The UUK report, he said, was neither a prediction nor a prescription, and did not foretell the imminent collapse of higher education in Scotland.

"It (is saying), this is the way the world might move. You need to be considering your student recruitment, the courses that you offer, the balance between domestic and international, whether you go more part-time, whether you provide more flexible adult-learning opportunities."

And he challenges the notion of a special Scottish dimension that demands a special Scottish solution. Individual institutions throughout Britain must examine their own position, he believes, and then decide on their own strategy.

Glasgow has started to recruit more international and postgraduate students and beef up its research. It is also now back in the black after a longstanding multimillion-pound deficit which Sir Muir combated with radical restructuring, involving shedding 230 of the university's 5,800 staff. The institution achieved a £2 million surplus in 2005-06.

"We have firm budgets for next year, and the aim is to continue that operating surplus," Sir Muir said.

"But the pressures are very, very heavy at the moment. The energy bills are going up dramatically, and the cost of the three-year pay settlement has a tremendously expensive sting in the tail - the retail price index has moved well beyond what most people thought was likely when the deal was done."

He concedes that last year's spending review, giving the sector a £30 million rise over three years instead of the £168 million requested, "was a huge disappointment".

Universities Scotland felt it had made a good case to Government for a real-terms increase to boost work which would support both Scotland's economy and its quality of life.

The two sides are currently debating the future through the higher education taskforce, and Sir Muir's hope is that universities will end up being able to influence Government more directly.

"The proof of the pudding will be (in) the level of resourcing. Irrespective of what happens to level of funding in England with fees, there is a real apprehension that gradually the English system is moving ahead of us. We can't let that happen, otherwise this jewel in Scotland's crown is at risk of being damaged."

The universities are not challenging Scotland's political consensus that there should be no top-up fees, said Sir Muir.
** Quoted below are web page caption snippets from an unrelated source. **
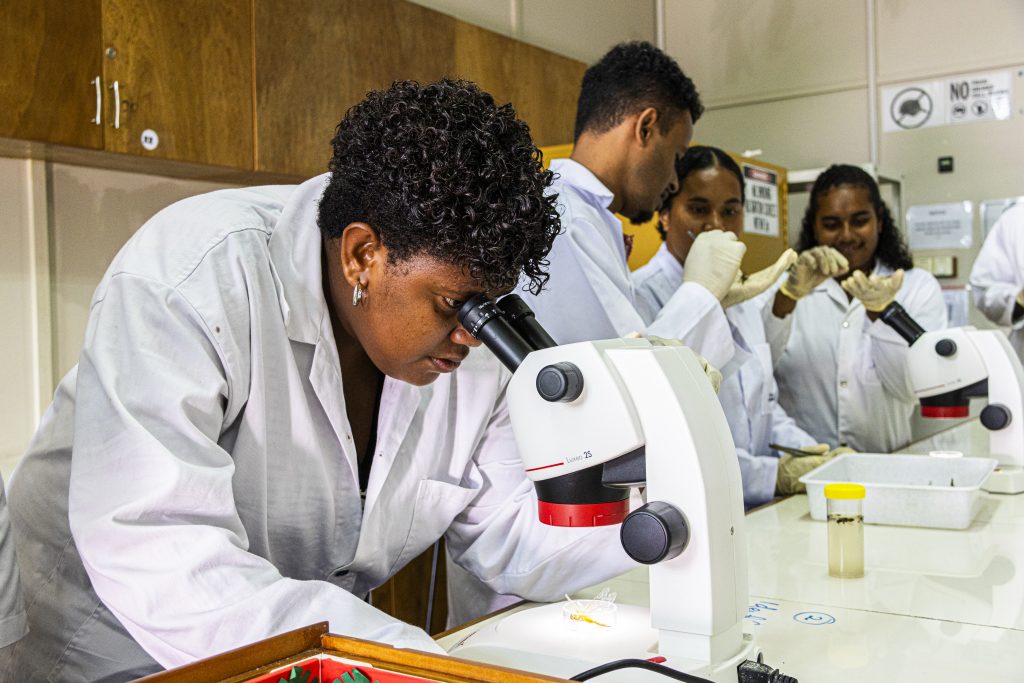 CAFF Students during their lab practicals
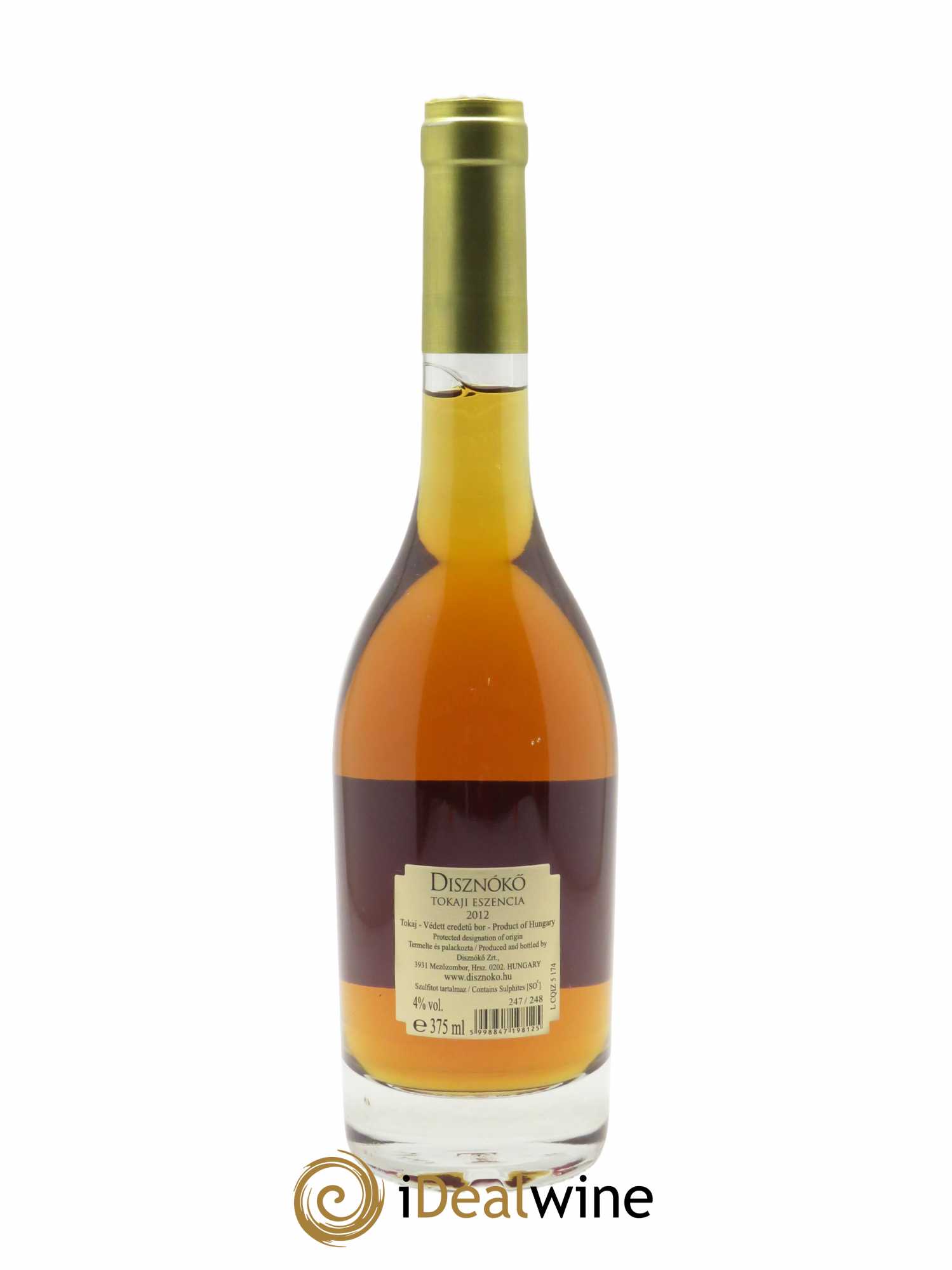 Tokaji Eszencia Disznoko (Domaine)  2012 - Lot de 1 Demi-bouteille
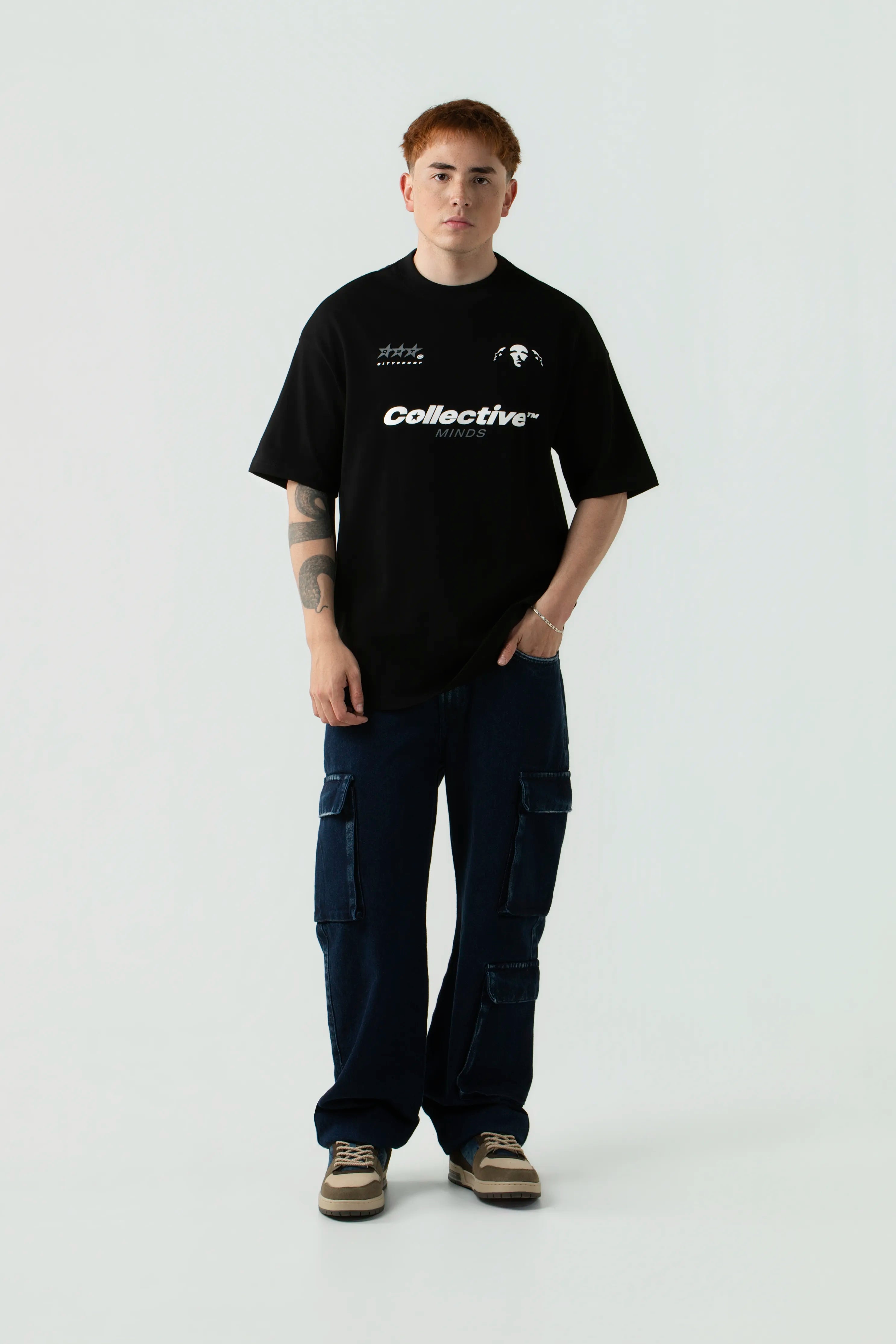 CAMISETA MANGA CORTA COLOR NEGRO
"The issue of fees has simply not been on the political agenda and no one, I think, in the leaders of the sector who has explicitly called for fees. But what we have made clear is that we need the resources to be able to compete to retain the best staff and students and to continue to do the best research," he said. "We have to try to make sure the Government does understand what's involved in running universities and maintaining quality. We've seen hard choices made at Glasgow, and other universities are doing that, too. It's really quite important that we take every opportunity to demonstrate to Government that we are run in a business-like and efficient way."

But Scotland still maintains its research edge through pooling, Sir Muir believes. Setting up cross- institutional research pools in a range of disciplines has not only produced an infusion of talent and enthusiasm, but encouraged an atmosphere of collaboration throughout higher education. "We're seeing a sector that is using its strengths in an integrated way," he said.
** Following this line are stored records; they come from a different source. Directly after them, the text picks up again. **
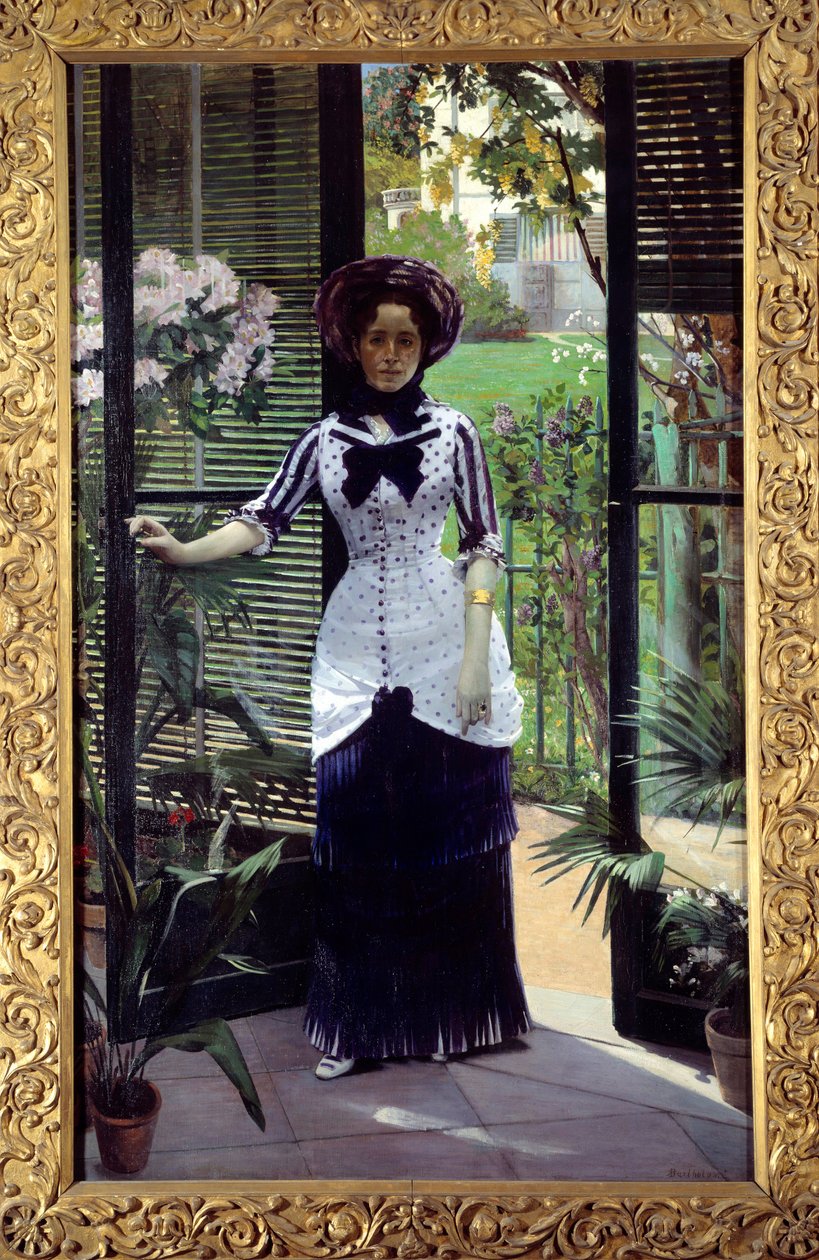In der Orangerie. Gemälde von Albert Bartholome (1848-1928) 1881 von Albert Bartholomé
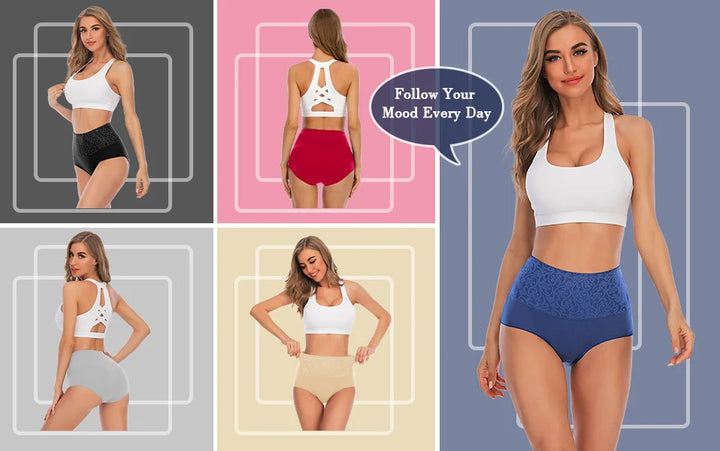 Cotton Underwear Women High Waist Lingerie For Ladies Briefs Tummy Control Panties C-Section Recovery XXXXL Plus Size Underpants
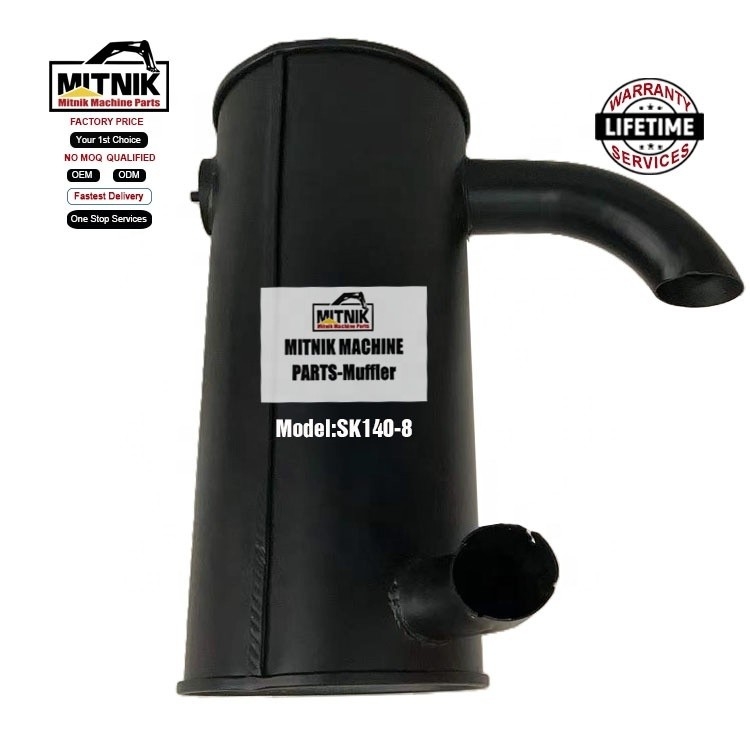 Technique Forging Casting 2 Excavator E320 Silencer Exhaust Muffler Pipes And Accessories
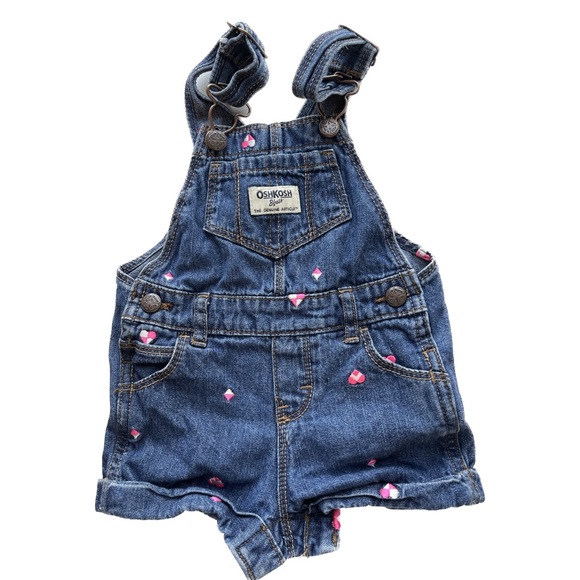 Baby Girl OshKosh B’gosh Shortalls Set - Picture 2 of 5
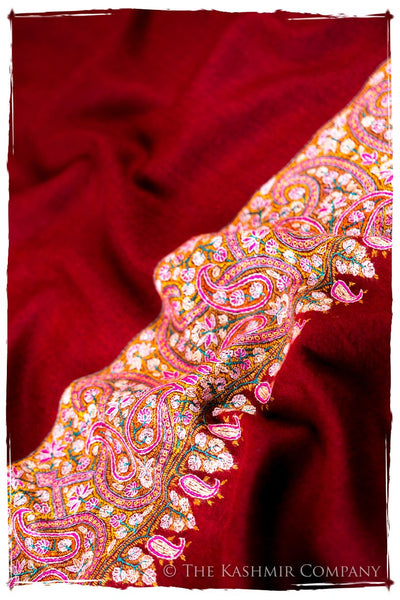 The Bordeaux Empress - Grand Pashmina Shawl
And he is not alarmed by the post-92 universities mooting federalisation as a means of increasing their research activity, and does not see this as threatening the future of Universities Scotland.

"They have been at pains to emphasise throughout the work of the taskforce that all universities in Scotland do research, and they want to be able to have the capacity to keep that credibility factor," he said.

"In the taskforce report, there is a reference to capacity-building. That seems to me a good example of an identifiable articulated point of pressure being responded to by the system, without rushing off into a kind of schismatic future of the break-up of Universities Scotland.

"One of the strengths of the system in Scotland is that we've been able to speak with one voice and get across to Government the points we want to get across."